「あれ…」

朝から気温が高いとは思っていたけど、これは少々暑すぎではないだろうか。

ばらばらと持っていたタロットカードが地面に散らばる。コンクリートの地面がぐにゃりと歪むのが分かった。

ミソラ一中の体育倉庫。そこは仙道ダイキの放課後で最も有意義な空間である。毎日授業が終わればタロットカードで自分の運勢を占う。その日も勿論仙道ダイキはタロットカードを使っていた。


「吊された男の逆位置…体調をくずす…か」


その数分後、仙道ダイキの視界は見事に歪んだのだ。

昔から日射病や日光湿疹がやたら出たりと、日光に弱い体質であったのは知っていた。だがまさか暑さだけで倒れるだなんて思わなかった。

まいったな、これは。



















ゆらゆらと体が揺れているのに気が付いて目が覚めた。暑さとは違う暖かさ。頬がぴたりと肌にくっついて、少し汗ばんでいる。

「ん…はだ?」


そうだ、これは人肌だ。


「起きたか?」

「ハンゾ…、郷田!?」

「体育倉庫で倒れるなんて軟弱な奴だなぁ」

「なんで、お前が…おっ降ろせ!」


俺の目の前にあったのは暑いコンクリートではなく、天敵であるはずのミソラ二中番長、郷田ハンゾウだった。しかもなんだこの格好は、聞くな、言わずとも分かる、お姫様抱っこだ。は?俺は男だ、馬鹿かお前は!


「何でお前が此処にいる…っ!」

「あんまり叫ぶな、頭に響くぞ」

「〜っ」

「まぁ、何故と言ったら、偶然だな」

「は、ぁ?」

「リコ達が、この前俺がお前に負けたことをまだ根に持っていてな、仕返しというか偵察というか、とにかくミソラ一中に乗り込んで行ったんだ、そんなことしたらもっと面倒なことになるからな、あいつ等より先にお前を探し出そうと走り回ってたら、倒れてたお前を見付けた」


「な」


―なんて馬鹿らしい理由だ。一瞬でそう思えた仙道は馬鹿らしくなり、郷田の胸元に顔を埋めた。先程から感じる肌の温もりは、郷田の大きく開けられた胸元からだとすぐ分かった。

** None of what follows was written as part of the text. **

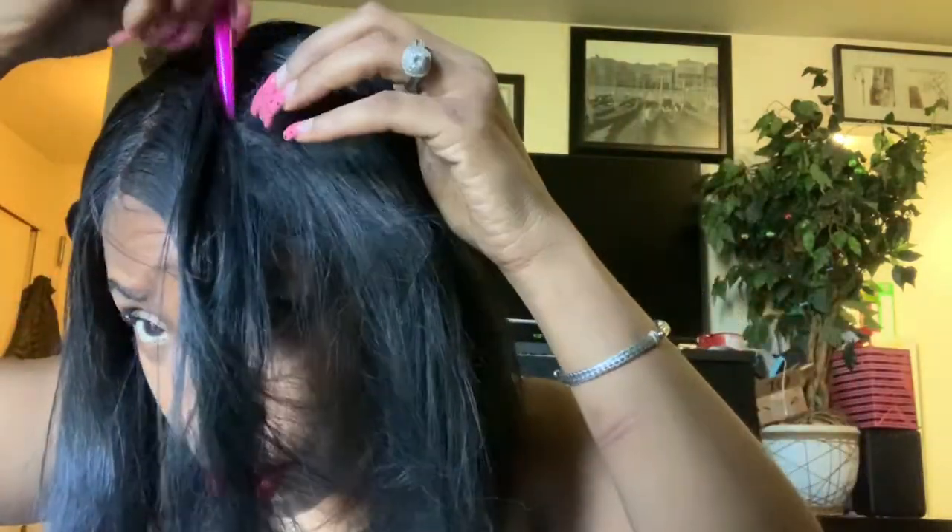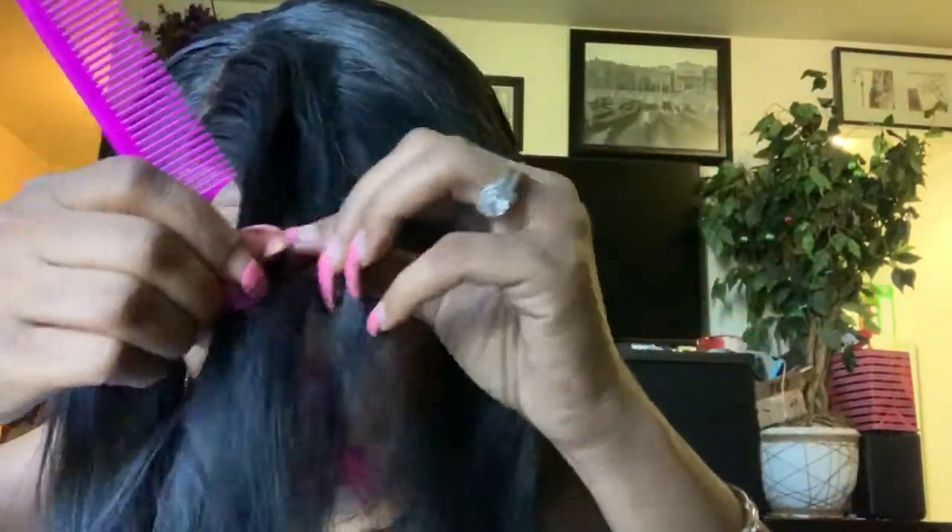I'm going to let you see the root again and show you some of the parting space so you can see the scalp. The wig came with a middle part, and I parted it to the side — I prefer a side part than a middle part. I'm a side part kind of gal.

「まぁ取り敢えず、そこら辺にいた奴に保健室の場所を聞いて、今向かってるところだ」

「保健室なんて二中とほとんど場所は同じだろう、職員室の直ぐ近…く」


そこまで言ったところで仙道ははっと顔を上げた。“保健室に向かってる?”それは則ち、今居る場所は、

そこまで悟った仙道はがたがたと震えながらも辺りを見渡した。

それは悟った通り、校舎の中、そして廊下(しかも放課後)であった。

ミソラ一、二中の番長が揃って廊下を歩く(正確にはお姫様抱っこ)なんて、いい見世物、嫌でも視線が集まる。その通りで、今仙道たちには廊下に居る生徒全員の視線が注がれていた。


「お、おおお降ろせ!!」

「もう直ぐだ、我慢しろ」

「お、俺は見世物じゃない」

「まだ顔が赤いな、急ぐか」

「走るな、目立つな、おい、聞けよ郷田、止まれ、おい!」


その時、はらりと仙道の手から何かが落ちた。それはきっと郷田が持たせたのだろう、地面に散らばっていたはずのタロットカードだった。

たった一枚、廊下に落ちたカードは、郷田が走っていたため良く見れなかったが、今の状態で仙道にはよく理解できた。


「恋人たちの正位置、運命の出会い、偶然の再会をした人…か」



ああ、本当に俺はついていない。